D SELECT userAgent, COUNT(*)
> FROM ec2_proxy_tbl
> GROUP BY userAgent;
┌──────────────────────────────────────────────────────────────────────────────────────────────┬──────────────┐
│                                          userAgent                                           │ count_star() │
│                                           varchar                                            │    int64     │
├──────────────────────────────────────────────────────────────────────────────────────────────┼──────────────┤
│ console.ec2.amazonaws.com                                                                    │           85 │
│ EC2ConsoleFrontend, aws-internal/3 aws-sdk-java/1.11.848 Linux/4.9.217-0.1.ac.205.84.332.m…  │            2 │
│ [aws-cli/1.18.136 Python/3.8.5 Darwin/19.5.0 botocore/1.17.59]                               │           11 │
│ ec2.amazonaws.com                                                                            │            5 │
└──────────────────────────────────────────────────────────────────────────────────────────────┴──────────────┘

I wanted to see the actions performed via AWS CLI.
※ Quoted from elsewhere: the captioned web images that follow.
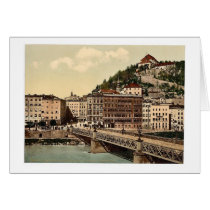 Town bridge, convent and Kapuzinerberg, Salzburg, Greeting Card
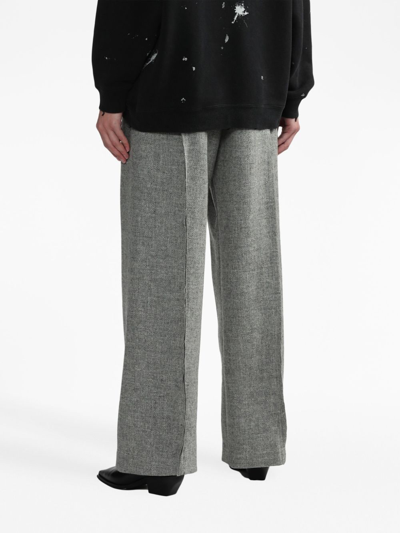 R13 Cropped Pleated Houndstooth Wool Wide-leg Pants In Grey
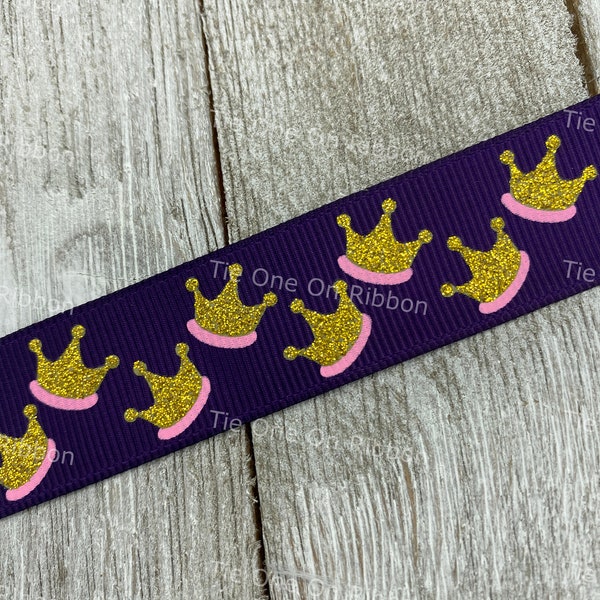 SALE 3 Yards Glittering Princess Crowns on Solid Royal Purple Grosgrain Ribbon - 7/8"  - Sew - Crafting - Bows - Birthday - Queen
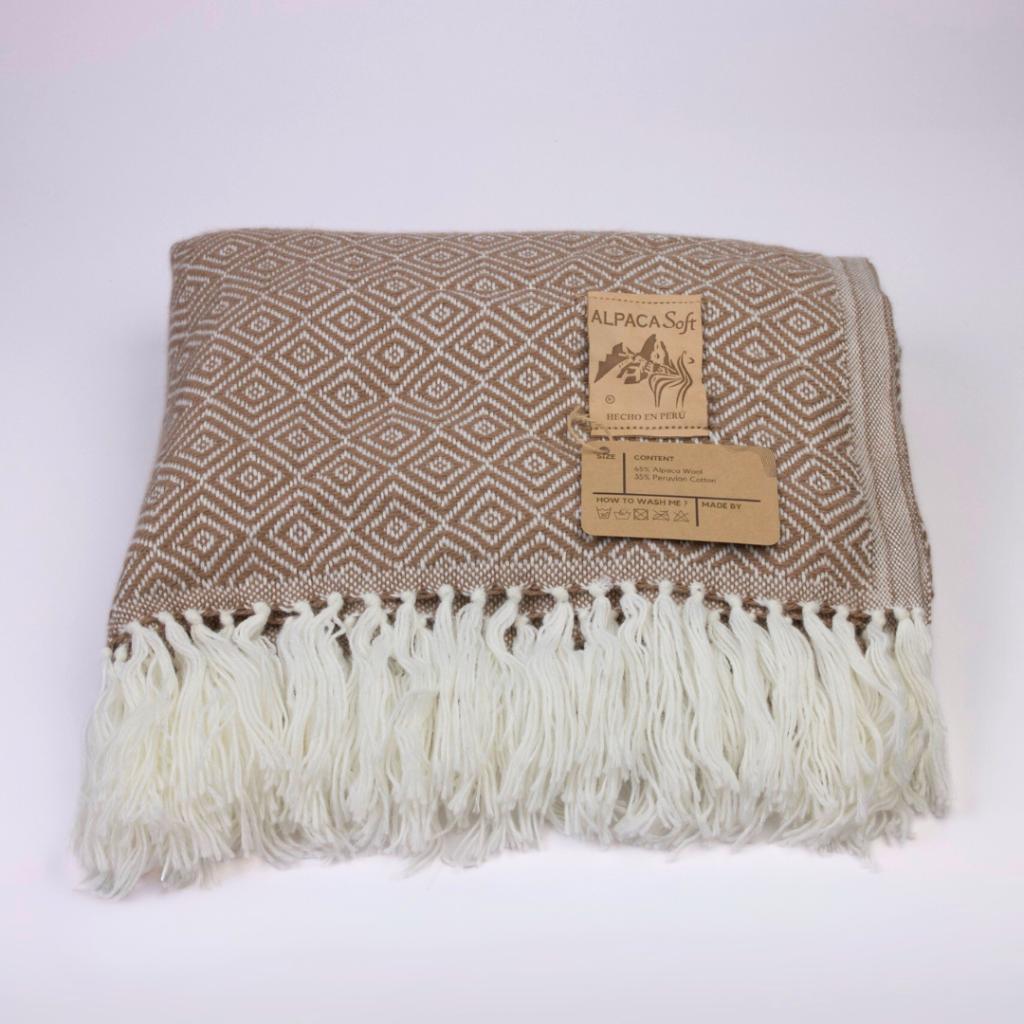 Alpaca Wol Dek Beige 200x140cm Zachte Sofa Dek uit Peru, Verzenden, Nieuw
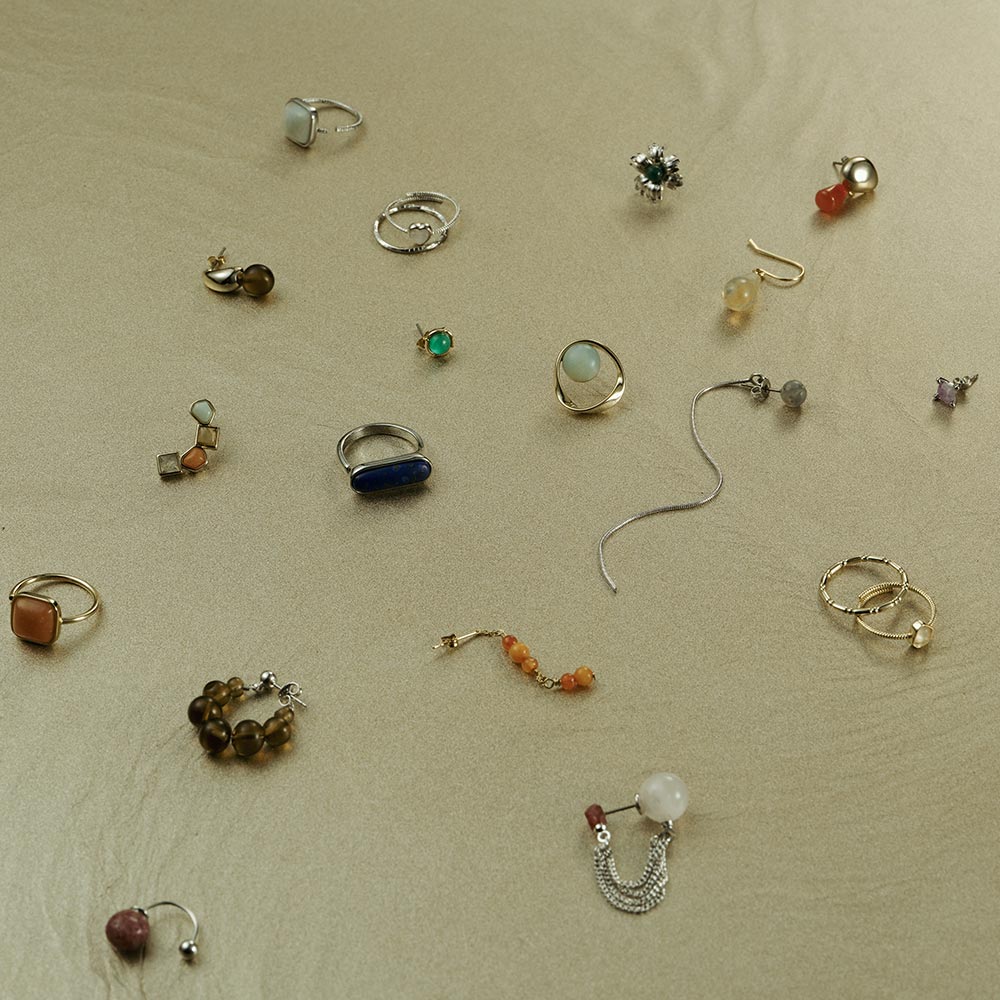 Bubble Gemstone Hoop Earrings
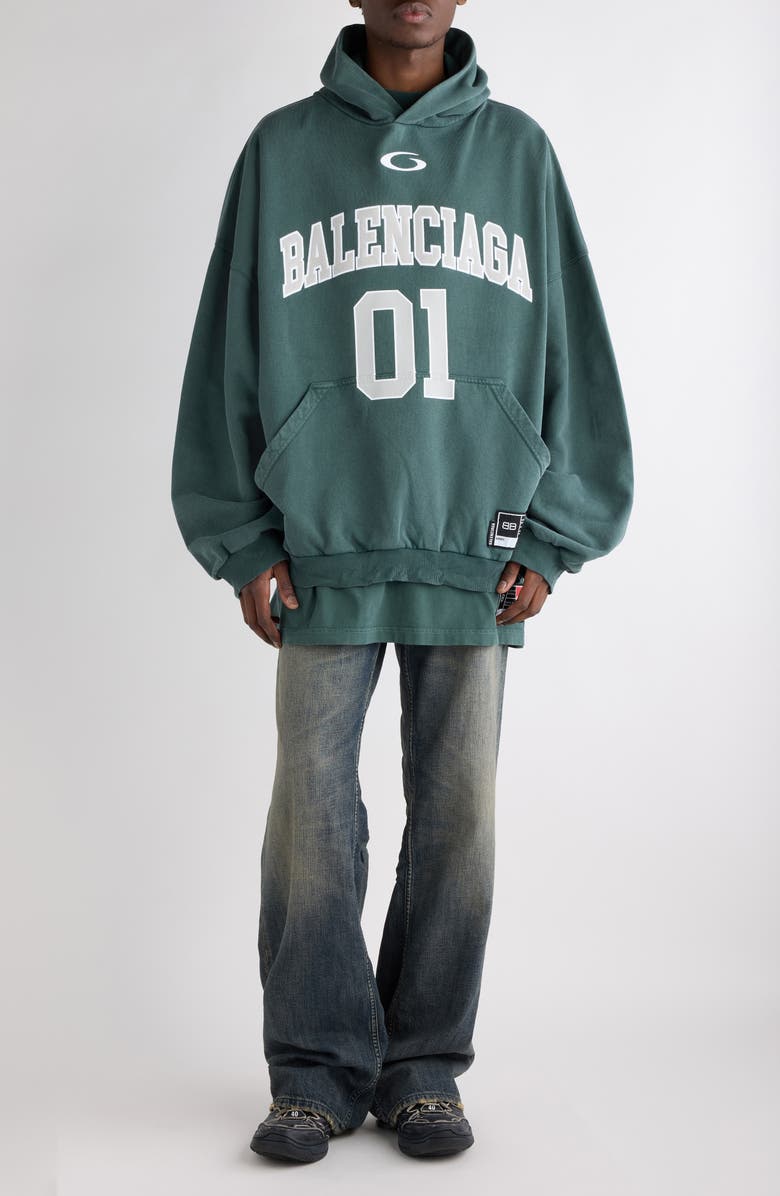 Balenciaga Oversize Cotton Hoodie, Alternate, color, Dark Green/ Light Grey
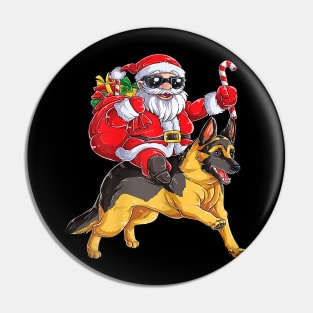 Christmas Santa Claus Riding English Bulldog Xmas Boys Dog Pin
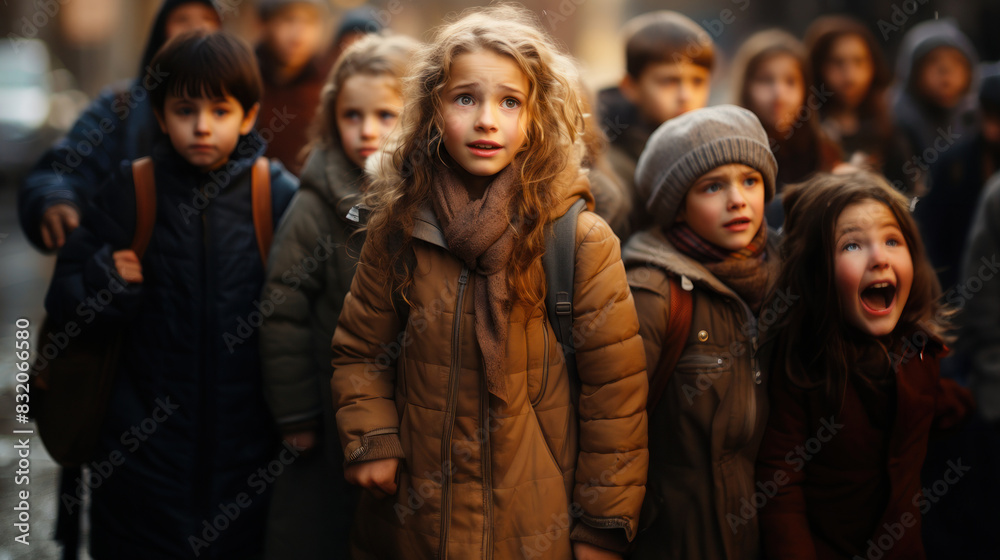 Group of children captured with diverse expressions, curiosity, and wonder Group of children captured with diverse expressions, curiosity, and wonder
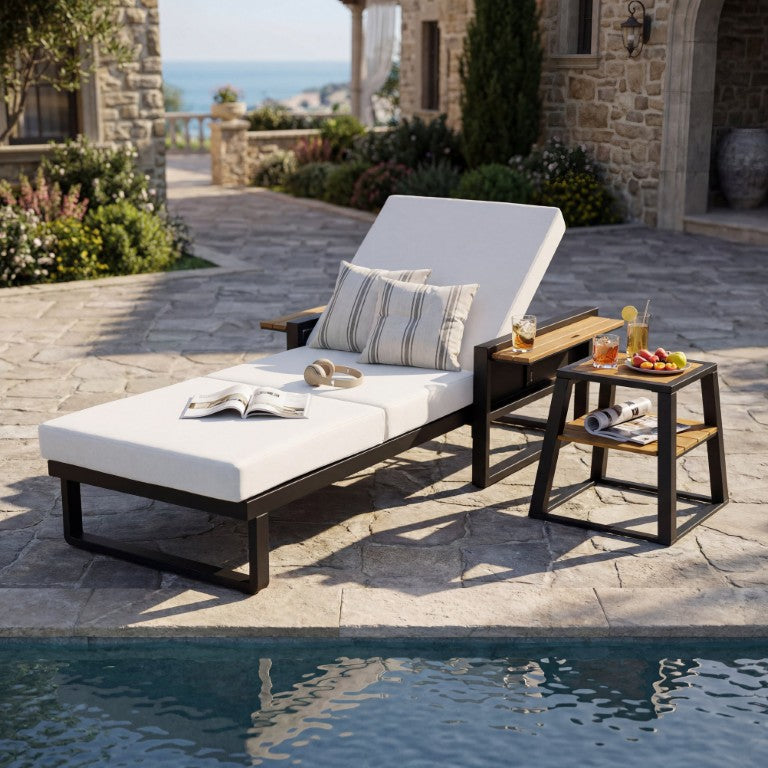 English Elm Black Iron Outdoor Chaise Lounge with Teak Armrests and Cushion for Patio or Poolside N770P452186B_N770P208317C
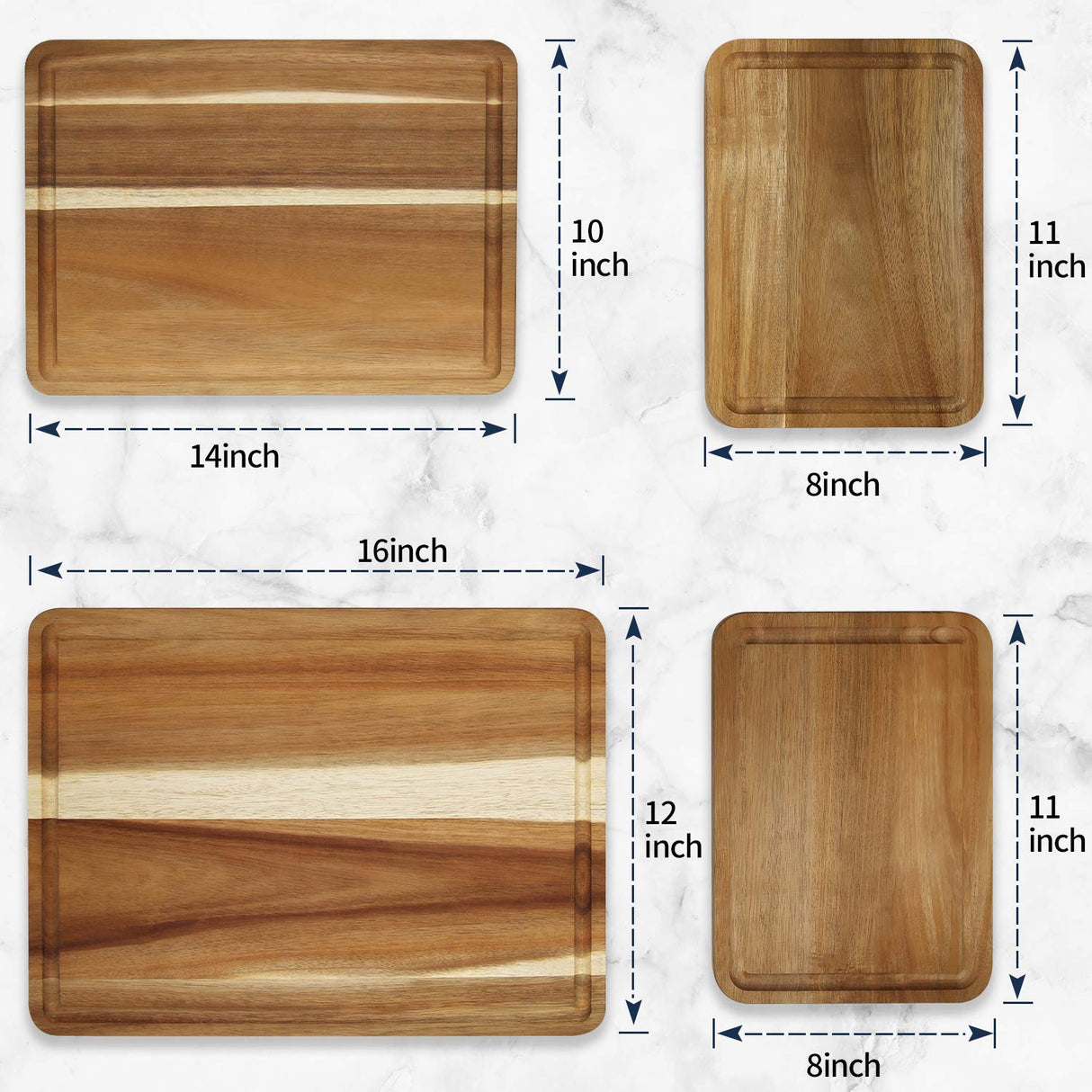 AZRHOM Large Wood Cutting Boards Set of 4 for Kitchen Cheese Charcuterie Board (Gift Box Included) Acacia Butcher Block with Non-slip Mats, Juice Groove and Handles (16x12, 14x10, double 11x8 inch) AZRHOM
D SELECT eventName, sourceIPAddress  FROM ec2_proxy_tbl WHERE userAgent='[aws-cli/1.18.136 Python/3.8.5 Darwin/19.5.0 botocore/1.17.59]' ;
┌─────────────┬─────────────────┐
│  eventName  │ sourceIPAddress │
│   varchar   │     varchar     │
├─────────────┼─────────────────┤
│ ListObjects │ 1.2.3.4         │
│ ListObjects │ 1.2.3.4         │
│ ListObjects │ 1.2.3.4         │
│ GetObject   │ 1.2.3.4         │
│ ListObjects │ 1.2.3.4         │
│ ListBuckets │ 1.2.3.4         │
│ ListBuckets │ 1.2.3.4         │
│ ListObjects │ 1.2.3.4         │
│ ListObjects │ 1.2.3.4         │
│ ListObjects │ 1.2.3.4         │
│ GetObject   │ 1.2.3.4         │
├─────────────┴─────────────────┤
│ 11 rows             2 columns │
└───────────────────────────────┘

The point wasn’t to investigate the dataset, I just wanted to play with DuckDB with a dataset I was familiar with. I will definitely be using DuckDB more for these edgecases where I need to investigate datasets. I would encourage those trying to break into detection and response, to take advantage of DuckDB and really learn how to analyze data with SQL.